Il y a des artistes qui empruntent les grands boulevards, les principales voies d’accès au succès. Et d’autres qui roulent leur bosse sur les routes parallèles, parfois à contre-voie, en laissant tout de même derrière eux une trace, un sillage. Grant Mathieu est de cette trempe, celle des vieux routiers qui carburent à la passion pure plutôt que de viser les hauts sommets de la réussite, et dont le style fait sa marque. Il expose effectivement (trop!) peu et s’est pourtant bâti une solide réputation dans le milieu, si bien qu’il arrive de déceler dans les oeuvres d’artistes plus jeunes les tonalités, la gestuelle de ce mæstro de l’abstraction. Mais attention, ne fait pas du Grant Mathieu qui veut! «Donne un pot de noir, de brun et de beige à un certain nombre d’artistes et tu vas voir que très peu d’entre eux réussiront à faire quelque chose d’aussi fort. Il y a bien des peintres qui essaient de faire de l’abstraction, mais il est rare qu’ils tiennent aussi bien la route que Grant», constate Sylvain Décarie, propriétaire de la Galerie Rouje, où Mathieu expose actuellement ses plus récentes toiles.

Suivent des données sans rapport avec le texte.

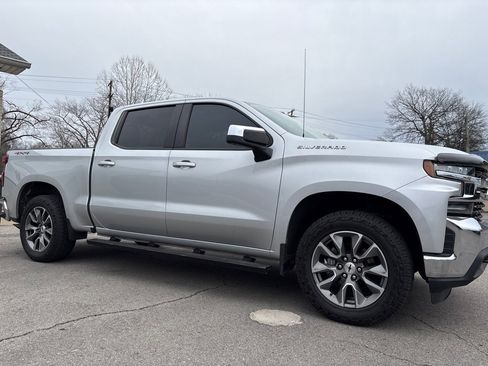 Used 2020 Chevrolet Silverado 1500 LT image 6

Une série d’abstractions aux tons terreux, donc, où des couches d’acrylique plus ou moins dilué font se détacher des réseaux de lignes parfois caligraphiques, dans des jeux de transparence et d’opacité, proches cousins des lavis chinois. Une série tout en opposition aussi, où justement les renvois aux civilisations anciennes répondent à ceux d’une culture plus actuelle. Car, outre la Chine, la facture de quelques-uns de ces grands formats sur toile, géo-textile ou papier synthétique fibreux, évoque spontanément les peintures rupestres de Lascaux, alors que, devant d’autres – dont le côté «trash» est plus évident et la toile utilisée à son maximum – on se croirait les visiteurs d’une galerie new-yorkaise branchée. Mais ce qui paraît le plus en opposition chez l’artiste, c’est que ces lignes libres, intenses et vives, qui à l’instar des graffitis présentant un graphisme cru, évoluent dans une grande organisation, un tout étonnamment cohérent. Tout le talent de Mathieu réside en cette façon de pousser l’art brut jusqu’à la perfection. Difficile, avec de telles propensions, de ne pas plaire aux plus jeunes en quête de modèle, même en se faisant discret.